_TASK DIRECTIONS_:
Below are some entries. Repeat exactly the lines from the one with "New doll neck" through the one with "Yathini Oven dried", and only those.

-- AVAILABLE DATA follows --

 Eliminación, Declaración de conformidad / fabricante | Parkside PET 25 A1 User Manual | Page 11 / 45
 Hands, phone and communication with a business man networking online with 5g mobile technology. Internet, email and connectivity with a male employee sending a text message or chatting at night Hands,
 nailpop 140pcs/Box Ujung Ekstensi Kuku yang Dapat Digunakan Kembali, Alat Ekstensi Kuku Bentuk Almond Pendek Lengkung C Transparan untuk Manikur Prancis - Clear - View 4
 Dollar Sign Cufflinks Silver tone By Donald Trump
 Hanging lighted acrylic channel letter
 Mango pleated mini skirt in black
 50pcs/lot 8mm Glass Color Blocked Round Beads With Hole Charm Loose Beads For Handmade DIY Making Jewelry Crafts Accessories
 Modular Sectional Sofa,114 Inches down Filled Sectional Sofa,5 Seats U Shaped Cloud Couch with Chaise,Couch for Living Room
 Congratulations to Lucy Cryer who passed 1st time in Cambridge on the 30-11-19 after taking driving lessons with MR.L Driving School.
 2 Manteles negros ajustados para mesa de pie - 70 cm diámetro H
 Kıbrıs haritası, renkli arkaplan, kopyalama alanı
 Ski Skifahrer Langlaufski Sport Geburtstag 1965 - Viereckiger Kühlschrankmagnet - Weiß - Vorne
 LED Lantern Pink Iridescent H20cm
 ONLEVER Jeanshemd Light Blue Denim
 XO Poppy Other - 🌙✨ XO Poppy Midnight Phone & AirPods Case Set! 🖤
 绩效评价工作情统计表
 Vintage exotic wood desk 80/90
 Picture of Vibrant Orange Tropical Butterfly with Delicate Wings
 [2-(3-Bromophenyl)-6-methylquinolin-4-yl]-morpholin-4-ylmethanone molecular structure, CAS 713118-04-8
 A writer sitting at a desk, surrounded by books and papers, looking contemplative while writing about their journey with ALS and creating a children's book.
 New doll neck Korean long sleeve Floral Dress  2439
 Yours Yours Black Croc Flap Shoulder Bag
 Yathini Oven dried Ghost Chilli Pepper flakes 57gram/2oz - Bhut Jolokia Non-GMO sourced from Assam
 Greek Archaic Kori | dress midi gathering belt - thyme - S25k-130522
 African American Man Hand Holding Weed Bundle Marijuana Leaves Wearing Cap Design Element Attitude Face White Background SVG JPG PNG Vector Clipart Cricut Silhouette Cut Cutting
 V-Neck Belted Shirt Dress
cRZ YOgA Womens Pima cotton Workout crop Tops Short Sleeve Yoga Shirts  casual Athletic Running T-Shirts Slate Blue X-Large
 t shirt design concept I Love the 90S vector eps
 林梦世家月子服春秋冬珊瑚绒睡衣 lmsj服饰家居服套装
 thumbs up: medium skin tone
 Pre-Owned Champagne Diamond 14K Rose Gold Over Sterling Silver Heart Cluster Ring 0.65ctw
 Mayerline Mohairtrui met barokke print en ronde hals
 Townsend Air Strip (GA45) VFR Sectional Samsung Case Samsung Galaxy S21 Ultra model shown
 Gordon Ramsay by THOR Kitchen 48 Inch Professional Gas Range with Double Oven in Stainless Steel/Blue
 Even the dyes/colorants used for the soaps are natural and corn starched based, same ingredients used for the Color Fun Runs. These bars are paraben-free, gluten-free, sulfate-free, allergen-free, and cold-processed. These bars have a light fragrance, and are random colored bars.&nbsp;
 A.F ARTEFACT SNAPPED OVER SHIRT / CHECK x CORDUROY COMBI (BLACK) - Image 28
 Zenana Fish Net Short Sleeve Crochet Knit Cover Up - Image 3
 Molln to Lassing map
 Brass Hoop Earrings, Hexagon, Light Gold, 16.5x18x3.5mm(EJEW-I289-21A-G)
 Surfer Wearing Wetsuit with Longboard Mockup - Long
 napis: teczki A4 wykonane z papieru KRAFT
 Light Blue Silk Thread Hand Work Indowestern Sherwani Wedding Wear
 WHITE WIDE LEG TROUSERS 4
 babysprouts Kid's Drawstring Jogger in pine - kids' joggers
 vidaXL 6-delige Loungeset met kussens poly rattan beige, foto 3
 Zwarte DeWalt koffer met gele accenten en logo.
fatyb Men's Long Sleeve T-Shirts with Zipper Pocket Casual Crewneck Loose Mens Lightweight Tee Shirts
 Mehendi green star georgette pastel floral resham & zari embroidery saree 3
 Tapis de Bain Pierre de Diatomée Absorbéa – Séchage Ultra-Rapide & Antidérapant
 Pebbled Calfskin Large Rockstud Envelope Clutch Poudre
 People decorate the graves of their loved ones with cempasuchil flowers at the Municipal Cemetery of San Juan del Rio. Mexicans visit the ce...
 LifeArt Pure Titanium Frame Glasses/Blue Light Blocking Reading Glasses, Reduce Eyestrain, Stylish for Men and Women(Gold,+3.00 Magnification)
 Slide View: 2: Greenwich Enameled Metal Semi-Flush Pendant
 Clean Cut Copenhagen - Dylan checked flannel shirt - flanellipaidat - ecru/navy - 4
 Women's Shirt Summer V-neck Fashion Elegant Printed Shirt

-- AVAILABLE DATA concluded --

_RESULT_:
 New doll neck Korean long sleeve Floral Dress  2439
 Yours Yours Black Croc Flap Shoulder Bag
 Yathini Oven dried Ghost Chilli Pepper flakes 57gram/2oz - Bhut Jolokia Non-GMO sourced from Assam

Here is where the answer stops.